In late March, several jurors reported two incidents in which they were approached outside the courthouse by members of the public, District Judge Timothy Kelly said in a sealed proceeding Thursday that was inadvertently streamed to a media room in the Washington, DC, federal courthouse. CNN reported last week that one juror believed she was being followed.
Kelly denied a mistrial motion from all five defendants, saying that every member of the jury was questioned about the interactions and confirmed they could still judge the case fairly. Kelly also denied motions from the defendants to strike the jurors who said they had been confronted, adding that “none of the jurors expressed a concern that any of this would affect their jury service.”
Kelly said that he instructed the jury to disregard those interactions, and that “when I read this instruction to the jury, I watched many of them nod as if to say, ‘Okay, let’s get on with the case.’”
The ruling ends a dayslong argument over how to handle the alleged incidents involving a total of four jurors who were approached in public, the latest in a series of mishaps that have plagued the trial.
Kelly described the interactions in detail during the under-seal proceeding, bringing to light additional information about the incidents. A coalition of media outlets, including CNN, previously fought for access to the sealed arguments, but Kelly denied that request.
In one instance, three jurors were walking away from the courthouse when they were approached by a man on a bike, Kelly said. The man began discussing a trial he was watching at the courthouse, and while it is not clear if he mentioned the Proud Boys defendants by name, the man said that the case was interesting and called a recent defense witness “crazy.”
“The individual did not say that he knew they were jurors,” Kelly said.
The three jurors told Kelly that they thought the incident was “odd” and “weird,” but didn’t become concerned until they saw the same man sitting in the courtroom the next day, looking at them and whispering to someone else in the gallery. One juror told Kelly that seeing the man gave her a “weird feeling.”
In another instance, Kelly said that a juror reported seeing the same man at a metro stop on four separate occasions. The first time she saw the man, the juror said that he asked her if she was serving on a jury but did not mention any case specifically.
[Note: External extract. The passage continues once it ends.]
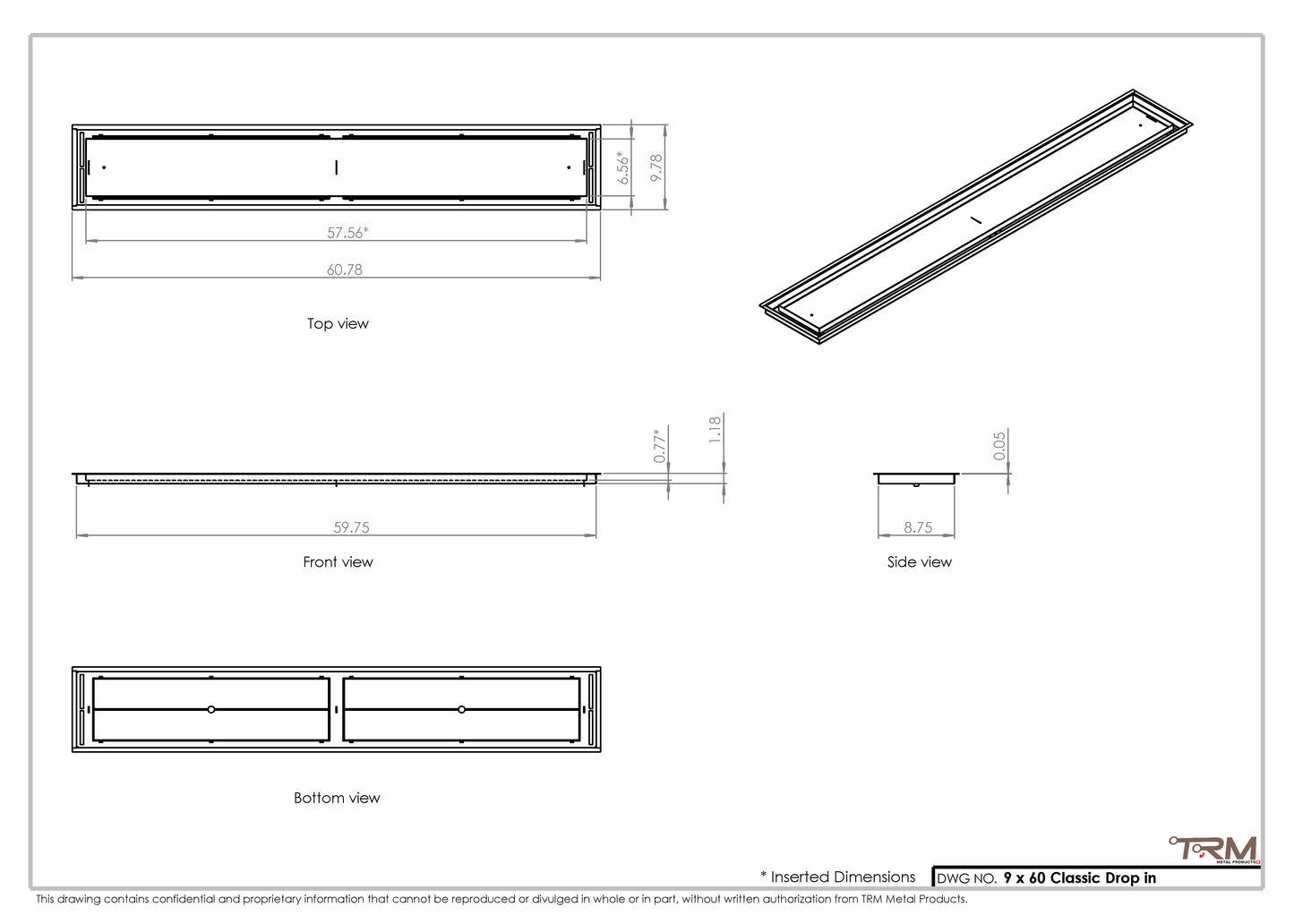 9x60 Classic Drop-in Air Vent, Flush Floor-Matching, All Metal, Floor Vent Cover (60x9)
Kelly said the issue was referred to the US Marshals, who went to the metro station to find him and watched the man walk into a nearby homeless shelter. Kelly also saw two pictures of the man and said that “from my view of the photos, it was certainly plausible he was homeless.”
The juror who was approached at the metro stop told Kelly that she “did not feel intimidated by this,” he added.
After issuing his ruling Thursday, Kelly was informed by a courtroom staff member that video of the proceeding was being streamed elsewhere in the courthouse. Kelly then had the video stream cut, saying that “there is nothing we can do at this point. Let’s have them shut it off now.”